WHAT NEEDS TO BE DONE: Your answer should be an exact copy of the lines from the one containing "12 L~no duties" through the last line of the records below, without any pictures.

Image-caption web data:

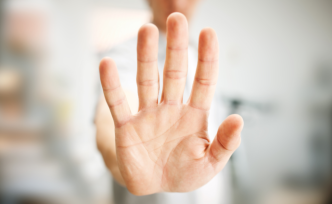 永州零陵區(qū)回應“法師為高考學子祈?！保簜€體戶發(fā)起，已叫停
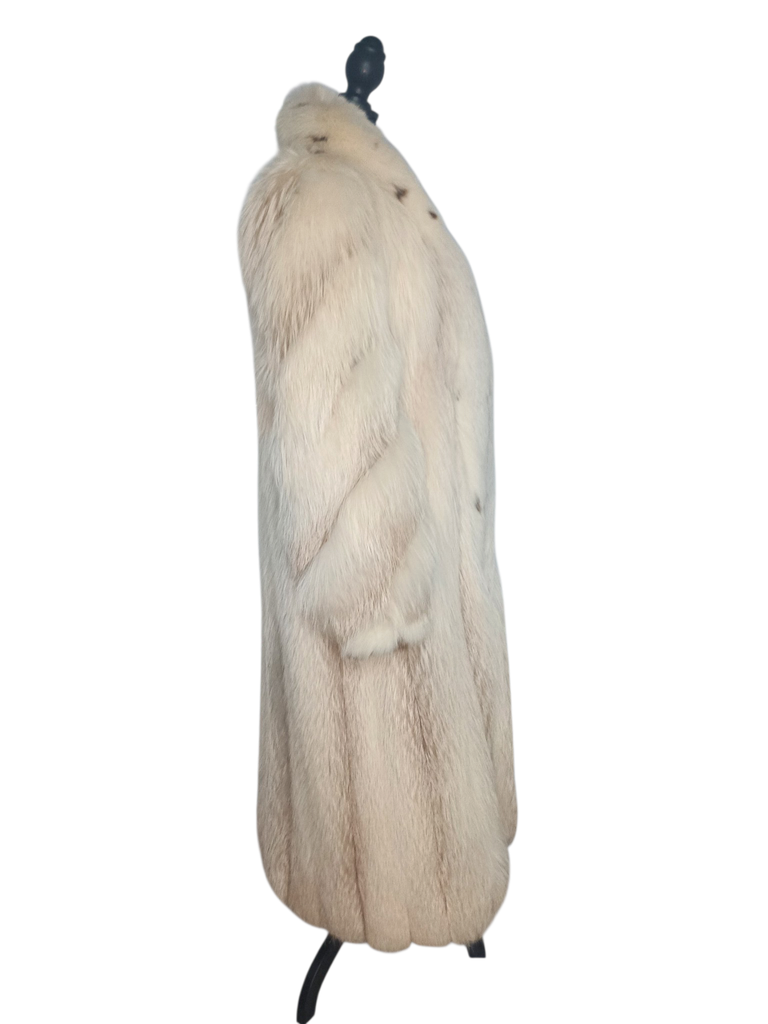 ~ lightweight saga Island fox fur coat size 12 L~no duties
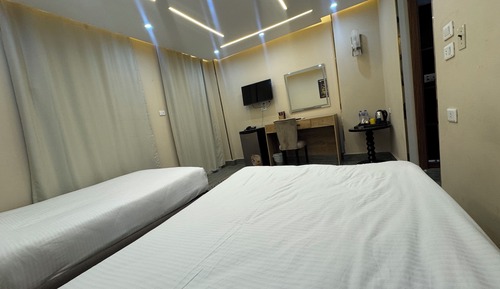 Deluxe Double Room With pyramids Side View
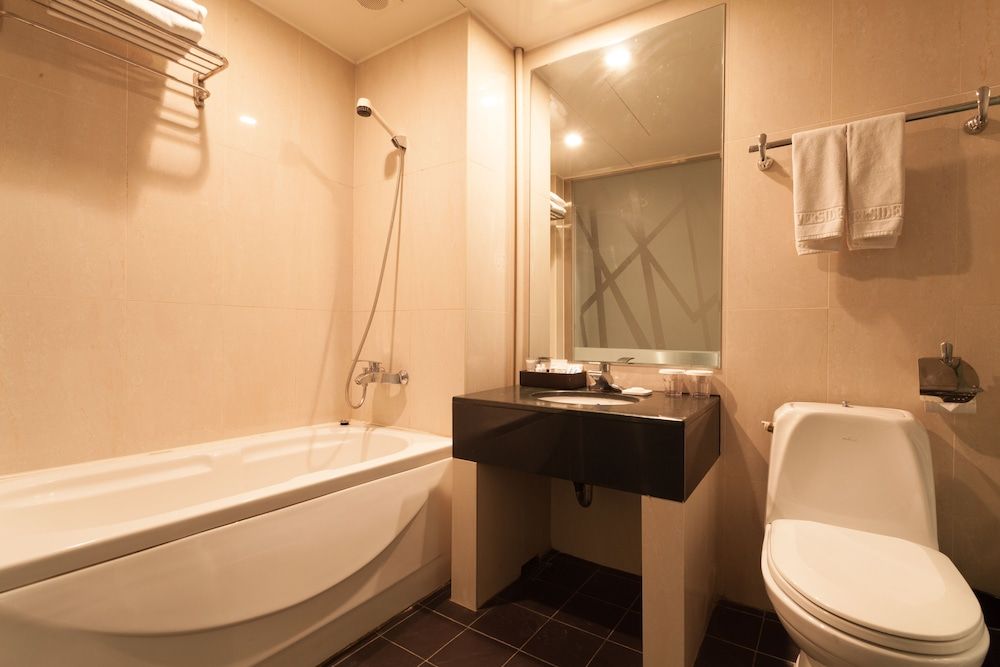 undefined The Riverside Hotel 10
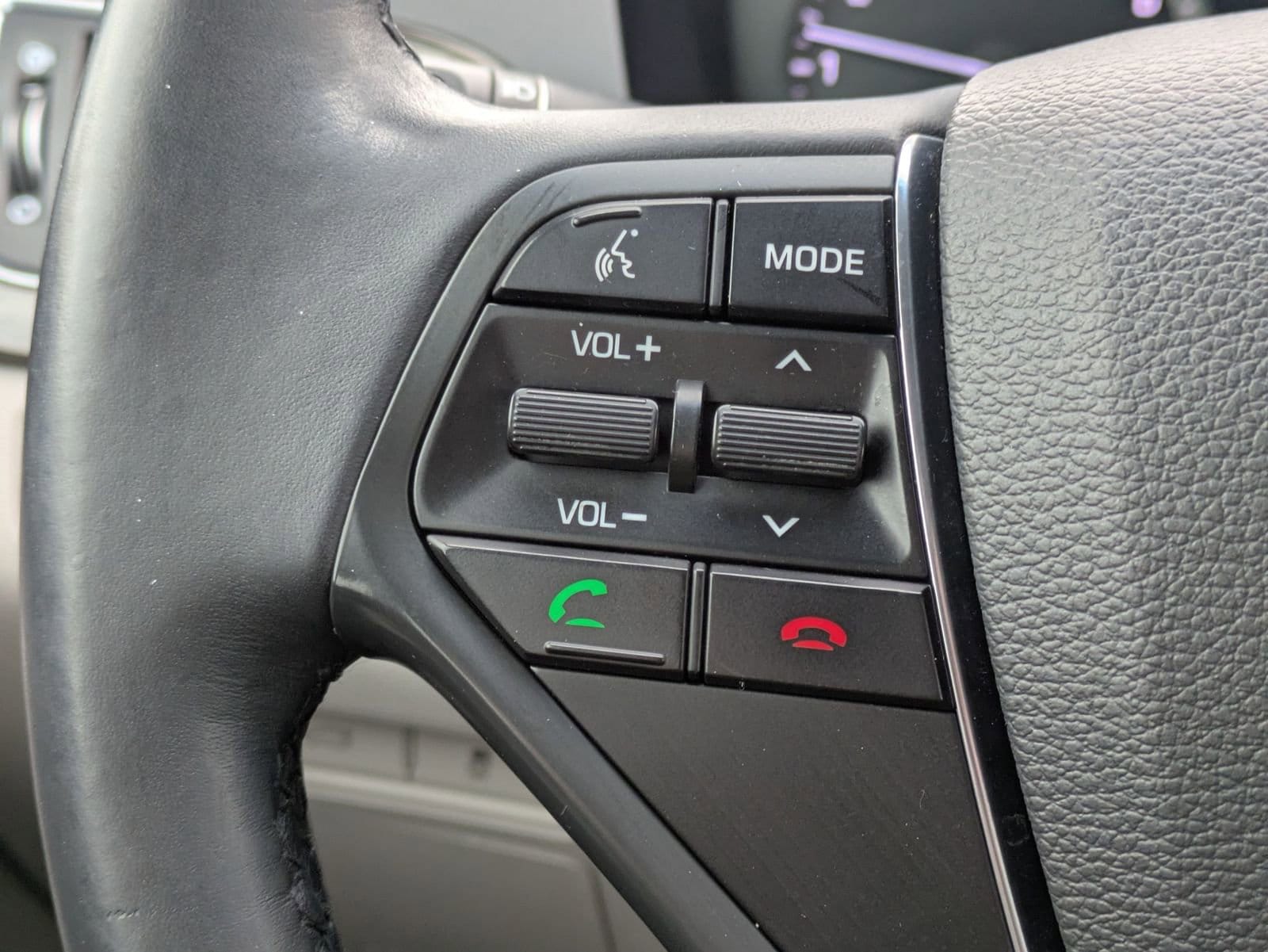 Thumbnail: 2016 Hyundai Sonata - 25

ANSWER SECTION:
 ~ lightweight saga Island fox fur coat size 12 L~no duties
 Deluxe Double Room With pyramids Side View
 undefined The Riverside Hotel 10
 Thumbnail: 2016 Hyundai Sonata - 25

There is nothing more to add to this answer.